EXERCISE GOAL: What is needed is the full listing written out exactly, minus the pictures.

════

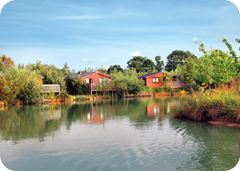 Fishing Lakes in Log Cabin Locations Across the UK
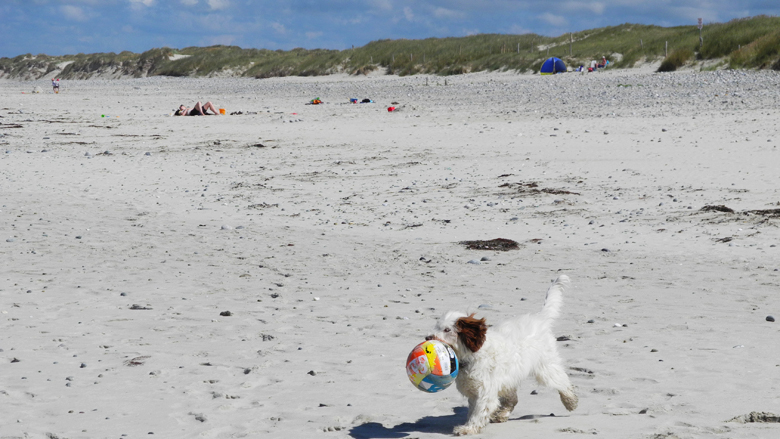 Urlaub am Meer auch für den Hund.  Die Hunde genießen die Zeit am Meer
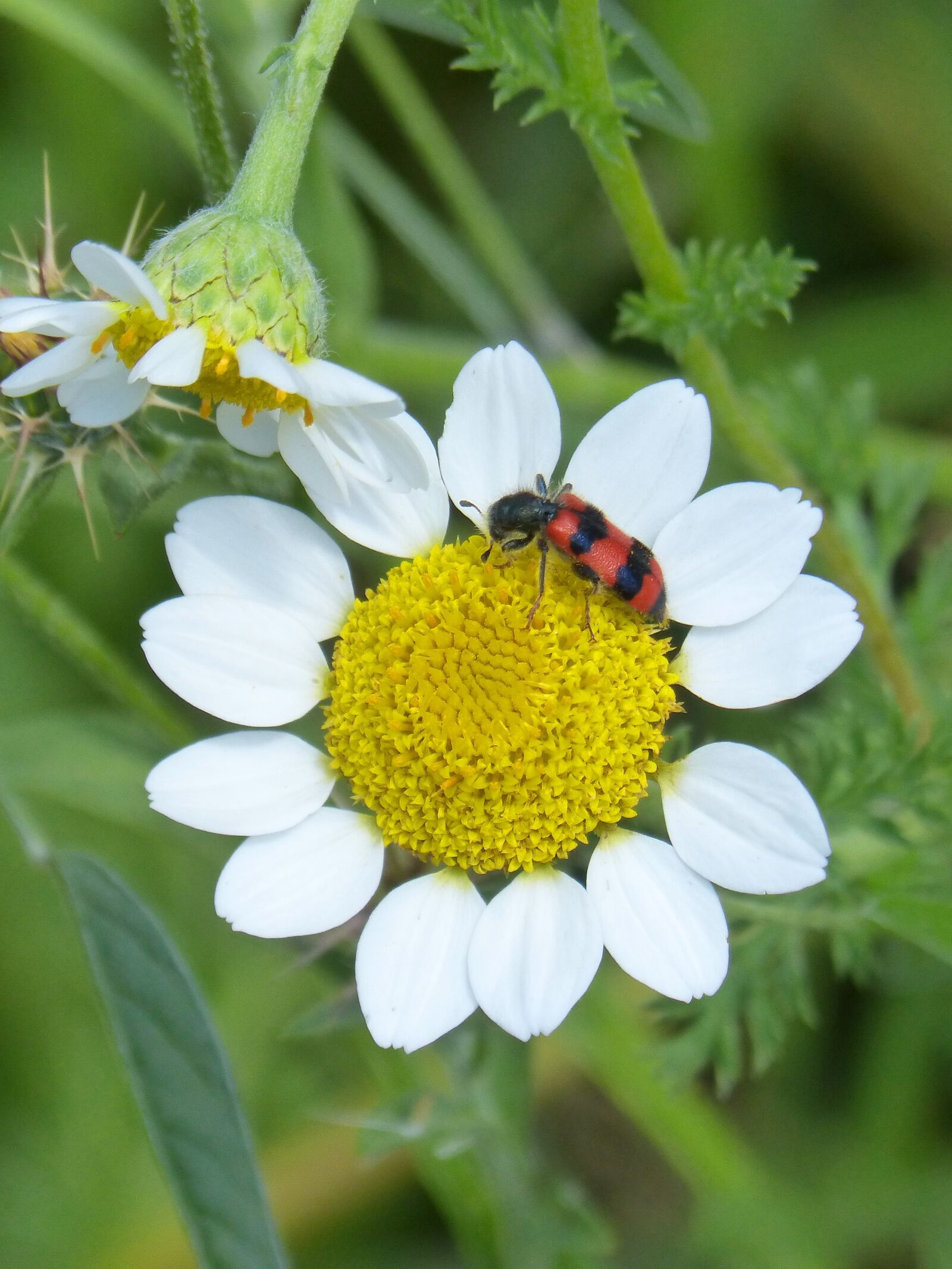 Panasonic DMC-FZ62 sample photo. Trichodes apiarius, orange beetle photography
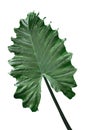 Alocasia Odora Leaf Royalty Free Stock Photo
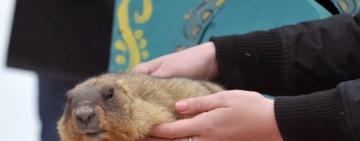 День сурка: Тимка предсказал украинцам погоду на весну (ВИДЕО)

════

ANSWER BOX:
 Fishing Lakes in Log Cabin Locations Across the UK
 Urlaub am Meer auch für den Hund.  Die Hunde genießen die Zeit am Meer
 Panasonic DMC-FZ62 sample photo. Trichodes apiarius, orange beetle photography
 Alocasia Odora Leaf Royalty Free Stock Photo
 День сурка: Тимка предсказал украинцам погоду на весну (ВИДЕО)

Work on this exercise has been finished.